Yang kesemua itu merupakan tujuan utama logika. Bagian keempat merupakan bagian paling berguna dan paling penting dibandingkan yang lainnya yang terdahulu dapat dianggap sebagai pendahuluan dan berikutnya merupakan penerapan dan perbandingan yang dimaksudkan untuk menghindari kesalahan dan kebingungan.

Jelaslah bahwa al-Farabi mengikuti langkah-langkah Aristoteles, meskipun ia memasukkan retorika dan puisi ke dalam cabang logika. Kesalahan serupa dilakukan oleh para pengikut Aristoteles, terutama yang berasal dari aliran Alexandria.

Beberapa di antara mereka bahkan mengakui Isagoge (pendahuluan)-nya Porphyry sebagai bagian dari Organon-Nya Aristoteles, teapi pengakuan ini tidak didukung oleh al-Farabi yang terkenal sebagai “Guru Kedua” (The Second Teacher), sedang Aristoteles dianggap sebagai Guru Pertama. Tak diragukan lagi, pemaparan dipandang penting oleh Aristoteles, tetapi tampaknya ia lebih bangga dengan penemuannya terntang silogisme.

Sumbangan al-Farabi di bidang logika ada dua. Pertama, ia telah berhasil secara tepat dan jelas menerangkan logika Aristoteles kepada bangsa yang berbahasa Arab.

Dalam pendahuluan dari salah satu risalahnya yang diterbitkan akhir-akhir ini, ia menunjukkan bahwa ia menerangkan prinsip-prinsip silogisme Aristoteles dalam istilah yang dikenal oleh Bangsa Arab, karena itu ia memberikan contoh dari kehidupan sehari-hari yang terjadi pada masa hidupnya, yang menggantikan contoh-contoh samar dan asing yang telah digunakan oleh Aristoteles.

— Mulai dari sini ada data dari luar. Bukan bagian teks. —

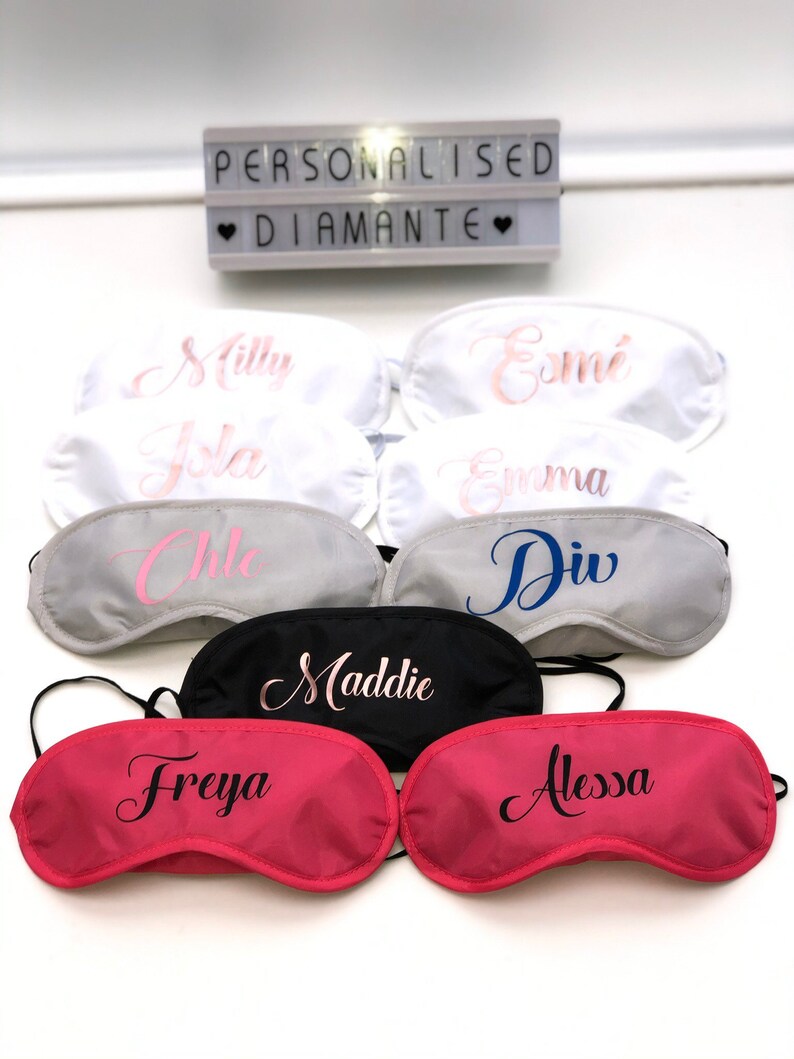 Sleep Mask Personalised Eye Mask Etsy UK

Proses yang dilakukannya betapapun tidak merugikan studi logika Aristoteles, dan tidak pula membuat jalan lain, atau memutar balikan arti filsafatnya.

Pada pihak lain, al-Farabi meletakkan landasan bagi lima bagian penalaran, dengan menampakkan sifat demonstratifnya bila hal itu membawa kepada kepastian dialektik, bila hal itu membawa kepada kesamaan keyakinan lewat niat baik sofistik, bila hal itu membahwa pada kesamaan keyakinan lewat niak buruk dan kesalahan retorika, bila hal itu membawa kepada suatu pendapat yang mungkin dan puitis, bila hal itu membawa kepada imajinasi yang menyenangkan atau menyakitkan jiwa.

Keragaman ini diberlakukan sesuatu dengan situasi dan tingkatan pendengar. Para filosof dan sarjana menggunakan penalaran demonstratif, ahli teologi menggunakan silogisme dialektik dan politikus menggunakan silogisme retorik. Jelaslah bahwa cara menghadapi setiap kelompok masyarakat harus disesuaikan dengan tingkat pengetahuan mereka dan dengan demikian, silogisme demonstratif digunakan untuk kelompok dan massa yang sulit.